> [Problem details]: Task for the records below: copy exactly, and only, the line containing "2841 Pine Rim" and every line after it to the end, with pictures left out.

> [Data to process]:
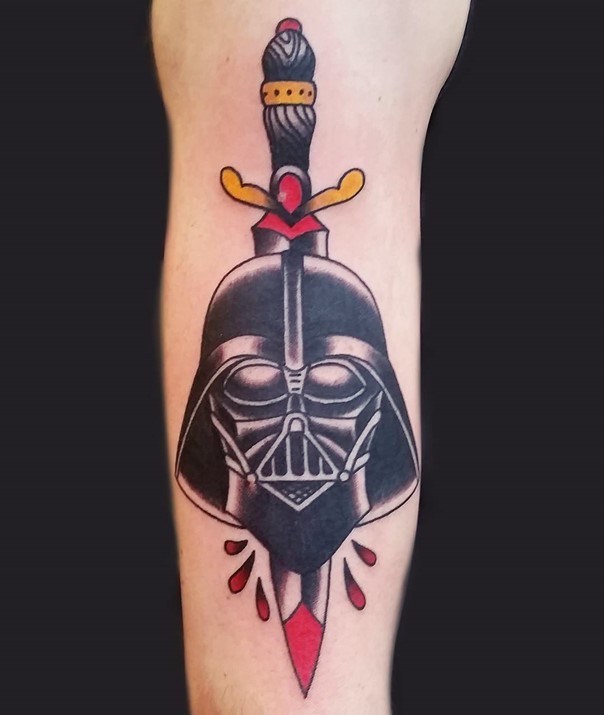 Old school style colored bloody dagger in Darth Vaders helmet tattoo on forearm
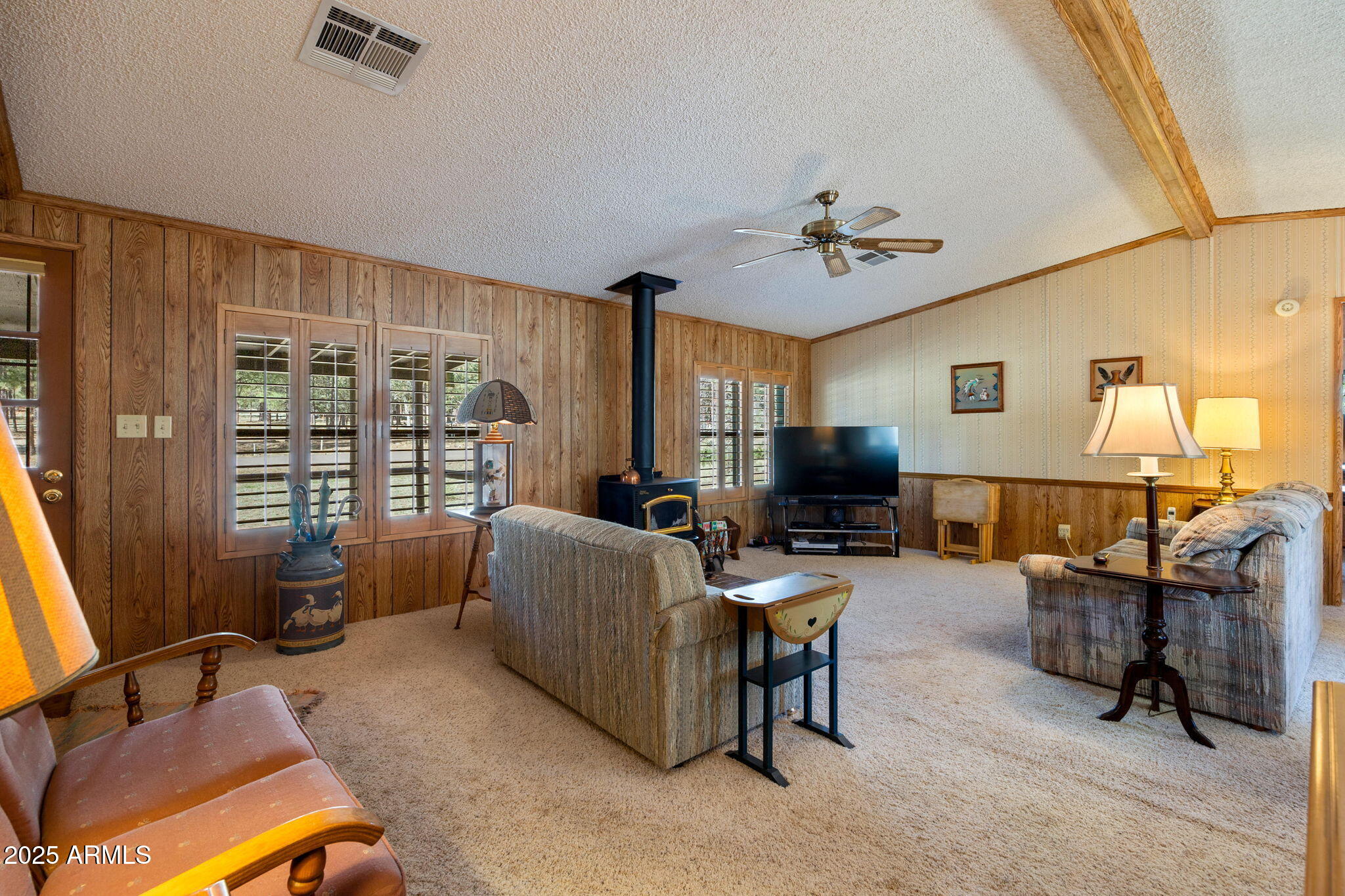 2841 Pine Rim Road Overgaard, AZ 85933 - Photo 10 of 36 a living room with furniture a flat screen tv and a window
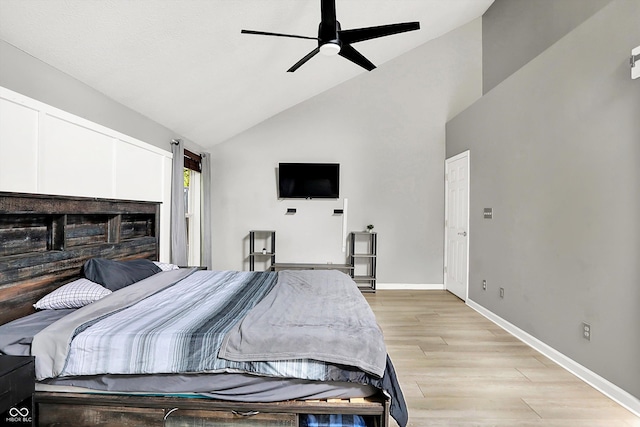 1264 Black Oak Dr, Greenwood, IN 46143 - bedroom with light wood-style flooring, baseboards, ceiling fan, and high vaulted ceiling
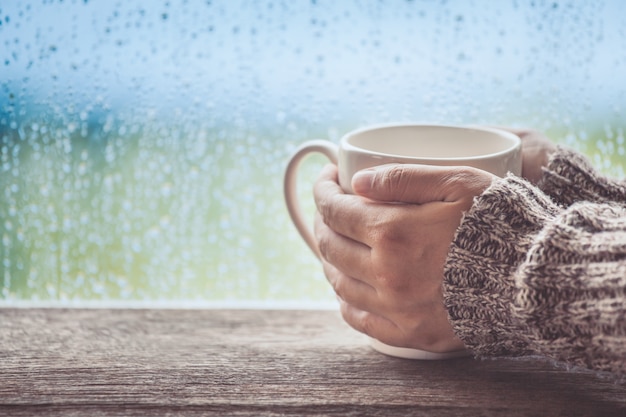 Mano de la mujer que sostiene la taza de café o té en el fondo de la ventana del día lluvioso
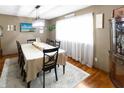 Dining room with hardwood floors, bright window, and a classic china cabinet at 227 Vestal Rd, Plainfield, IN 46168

> [Response to the exercise]:
 2841 Pine Rim Road Overgaard, AZ 85933 - Photo 10 of 36 a living room with furniture a flat screen tv and a window
 1264 Black Oak Dr, Greenwood, IN 46143 - bedroom with light wood-style flooring, baseboards, ceiling fan, and high vaulted ceiling
 Mano de la mujer que sostiene la taza de café o té en el fondo de la ventana del día lluvioso
 Dining room with hardwood floors, bright window, and a classic china cabinet at 227 Vestal Rd, Plainfield, IN 46168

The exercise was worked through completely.